I'd like every record given again exactly, please.

★ ★ ★ ★ ★

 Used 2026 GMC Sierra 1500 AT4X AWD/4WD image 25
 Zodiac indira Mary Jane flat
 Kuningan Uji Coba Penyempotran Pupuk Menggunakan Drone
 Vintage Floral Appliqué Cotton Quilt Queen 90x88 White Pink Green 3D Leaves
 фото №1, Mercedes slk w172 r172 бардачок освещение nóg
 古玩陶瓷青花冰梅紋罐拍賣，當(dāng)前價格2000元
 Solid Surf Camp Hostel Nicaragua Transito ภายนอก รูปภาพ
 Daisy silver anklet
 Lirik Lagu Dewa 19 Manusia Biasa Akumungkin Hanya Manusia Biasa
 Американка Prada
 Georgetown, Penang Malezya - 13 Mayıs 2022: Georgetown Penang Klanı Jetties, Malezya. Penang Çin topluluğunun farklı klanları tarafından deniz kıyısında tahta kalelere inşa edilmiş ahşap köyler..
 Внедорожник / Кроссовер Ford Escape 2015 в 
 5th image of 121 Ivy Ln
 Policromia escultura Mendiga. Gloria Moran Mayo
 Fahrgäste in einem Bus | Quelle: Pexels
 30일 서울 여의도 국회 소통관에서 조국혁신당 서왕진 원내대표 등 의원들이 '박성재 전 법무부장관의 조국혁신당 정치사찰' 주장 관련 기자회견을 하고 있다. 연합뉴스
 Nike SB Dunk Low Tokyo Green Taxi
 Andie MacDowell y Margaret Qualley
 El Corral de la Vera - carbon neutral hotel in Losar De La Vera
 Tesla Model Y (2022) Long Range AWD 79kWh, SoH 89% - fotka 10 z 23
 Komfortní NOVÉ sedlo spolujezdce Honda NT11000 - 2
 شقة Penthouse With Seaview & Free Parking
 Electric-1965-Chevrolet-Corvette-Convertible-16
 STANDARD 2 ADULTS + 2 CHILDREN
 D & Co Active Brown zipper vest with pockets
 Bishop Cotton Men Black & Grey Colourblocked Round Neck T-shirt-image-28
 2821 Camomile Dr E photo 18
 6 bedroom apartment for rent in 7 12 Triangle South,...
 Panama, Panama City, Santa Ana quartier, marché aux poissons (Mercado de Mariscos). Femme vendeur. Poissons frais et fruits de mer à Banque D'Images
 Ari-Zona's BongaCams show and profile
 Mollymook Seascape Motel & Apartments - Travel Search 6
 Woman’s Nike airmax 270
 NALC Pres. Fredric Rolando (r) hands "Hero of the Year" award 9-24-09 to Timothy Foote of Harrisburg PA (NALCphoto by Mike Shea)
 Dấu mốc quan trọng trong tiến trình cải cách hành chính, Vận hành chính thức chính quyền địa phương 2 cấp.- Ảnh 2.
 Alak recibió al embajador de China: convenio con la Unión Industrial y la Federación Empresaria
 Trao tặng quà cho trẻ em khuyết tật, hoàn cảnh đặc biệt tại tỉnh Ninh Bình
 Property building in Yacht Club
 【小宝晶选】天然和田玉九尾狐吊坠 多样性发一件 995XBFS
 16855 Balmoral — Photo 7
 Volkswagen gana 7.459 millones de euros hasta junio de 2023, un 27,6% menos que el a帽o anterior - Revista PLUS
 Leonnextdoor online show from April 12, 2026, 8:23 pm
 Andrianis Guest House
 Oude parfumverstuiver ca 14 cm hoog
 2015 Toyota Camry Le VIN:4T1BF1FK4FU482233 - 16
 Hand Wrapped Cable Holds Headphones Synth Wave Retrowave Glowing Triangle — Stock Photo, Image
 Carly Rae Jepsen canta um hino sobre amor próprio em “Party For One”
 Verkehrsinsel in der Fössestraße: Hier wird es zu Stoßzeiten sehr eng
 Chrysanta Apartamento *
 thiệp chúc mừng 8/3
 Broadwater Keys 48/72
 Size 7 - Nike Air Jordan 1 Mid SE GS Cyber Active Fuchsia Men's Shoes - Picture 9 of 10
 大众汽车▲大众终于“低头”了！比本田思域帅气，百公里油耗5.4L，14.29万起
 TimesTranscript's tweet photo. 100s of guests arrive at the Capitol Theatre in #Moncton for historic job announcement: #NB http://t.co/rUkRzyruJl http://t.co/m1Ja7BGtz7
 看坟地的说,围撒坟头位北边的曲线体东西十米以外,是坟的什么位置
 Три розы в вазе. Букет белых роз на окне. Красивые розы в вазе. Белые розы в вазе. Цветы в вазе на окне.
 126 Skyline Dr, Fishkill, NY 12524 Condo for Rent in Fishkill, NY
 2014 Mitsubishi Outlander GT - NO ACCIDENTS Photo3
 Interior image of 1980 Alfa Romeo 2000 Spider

★ ★ ★ ★ ★

RESPONSE TO THIS EXERCISE:
 Used 2026 GMC Sierra 1500 AT4X AWD/4WD image 25
 Zodiac indira Mary Jane flat
 Kuningan Uji Coba Penyempotran Pupuk Menggunakan Drone
 Vintage Floral Appliqué Cotton Quilt Queen 90x88 White Pink Green 3D Leaves
 фото №1, Mercedes slk w172 r172 бардачок освещение nóg
 古玩陶瓷青花冰梅紋罐拍賣，當(dāng)前價格2000元
 Solid Surf Camp Hostel Nicaragua Transito ภายนอก รูปภาพ
 Daisy silver anklet
 Lirik Lagu Dewa 19 Manusia Biasa Akumungkin Hanya Manusia Biasa
 Американка Prada
 Georgetown, Penang Malezya - 13 Mayıs 2022: Georgetown Penang Klanı Jetties, Malezya. Penang Çin topluluğunun farklı klanları tarafından deniz kıyısında tahta kalelere inşa edilmiş ahşap köyler..
 Внедорожник / Кроссовер Ford Escape 2015 в 
 5th image of 121 Ivy Ln
 Policromia escultura Mendiga. Gloria Moran Mayo
 Fahrgäste in einem Bus | Quelle: Pexels
 30일 서울 여의도 국회 소통관에서 조국혁신당 서왕진 원내대표 등 의원들이 '박성재 전 법무부장관의 조국혁신당 정치사찰' 주장 관련 기자회견을 하고 있다. 연합뉴스
 Nike SB Dunk Low Tokyo Green Taxi
 Andie MacDowell y Margaret Qualley
 El Corral de la Vera - carbon neutral hotel in Losar De La Vera
 Tesla Model Y (2022) Long Range AWD 79kWh, SoH 89% - fotka 10 z 23
 Komfortní NOVÉ sedlo spolujezdce Honda NT11000 - 2
 شقة Penthouse With Seaview & Free Parking
 Electric-1965-Chevrolet-Corvette-Convertible-16
 STANDARD 2 ADULTS + 2 CHILDREN
 D & Co Active Brown zipper vest with pockets
 Bishop Cotton Men Black & Grey Colourblocked Round Neck T-shirt-image-28
 2821 Camomile Dr E photo 18
 6 bedroom apartment for rent in 7 12 Triangle South,...
 Panama, Panama City, Santa Ana quartier, marché aux poissons (Mercado de Mariscos). Femme vendeur. Poissons frais et fruits de mer à Banque D'Images
 Ari-Zona's BongaCams show and profile
 Mollymook Seascape Motel & Apartments - Travel Search 6
 Woman’s Nike airmax 270
 NALC Pres. Fredric Rolando (r) hands "Hero of the Year" award 9-24-09 to Timothy Foote of Harrisburg PA (NALCphoto by Mike Shea)
 Dấu mốc quan trọng trong tiến trình cải cách hành chính, Vận hành chính thức chính quyền địa phương 2 cấp.- Ảnh 2.
 Alak recibió al embajador de China: convenio con la Unión Industrial y la Federación Empresaria
 Trao tặng quà cho trẻ em khuyết tật, hoàn cảnh đặc biệt tại tỉnh Ninh Bình
 Property building in Yacht Club
 【小宝晶选】天然和田玉九尾狐吊坠 多样性发一件 995XBFS
 16855 Balmoral — Photo 7
 Volkswagen gana 7.459 millones de euros hasta junio de 2023, un 27,6% menos que el a帽o anterior - Revista PLUS
 Leonnextdoor online show from April 12, 2026, 8:23 pm
 Andrianis Guest House
 Oude parfumverstuiver ca 14 cm hoog
 2015 Toyota Camry Le VIN:4T1BF1FK4FU482233 - 16
 Hand Wrapped Cable Holds Headphones Synth Wave Retrowave Glowing Triangle — Stock Photo, Image
 Carly Rae Jepsen canta um hino sobre amor próprio em “Party For One”
 Verkehrsinsel in der Fössestraße: Hier wird es zu Stoßzeiten sehr eng
 Chrysanta Apartamento *
 thiệp chúc mừng 8/3
 Broadwater Keys 48/72
 Size 7 - Nike Air Jordan 1 Mid SE GS Cyber Active Fuchsia Men's Shoes - Picture 9 of 10
 大众汽车▲大众终于“低头”了！比本田思域帅气，百公里油耗5.4L，14.29万起
 TimesTranscript's tweet photo. 100s of guests arrive at the Capitol Theatre in #Moncton for historic job announcement: #NB http://t.co/rUkRzyruJl http://t.co/m1Ja7BGtz7
 看坟地的说,围撒坟头位北边的曲线体东西十米以外,是坟的什么位置
 Три розы в вазе. Букет белых роз на окне. Красивые розы в вазе. Белые розы в вазе. Цветы в вазе на окне.
 126 Skyline Dr, Fishkill, NY 12524 Condo for Rent in Fishkill, NY
 2014 Mitsubishi Outlander GT - NO ACCIDENTS Photo3
 Interior image of 1980 Alfa Romeo 2000 Spider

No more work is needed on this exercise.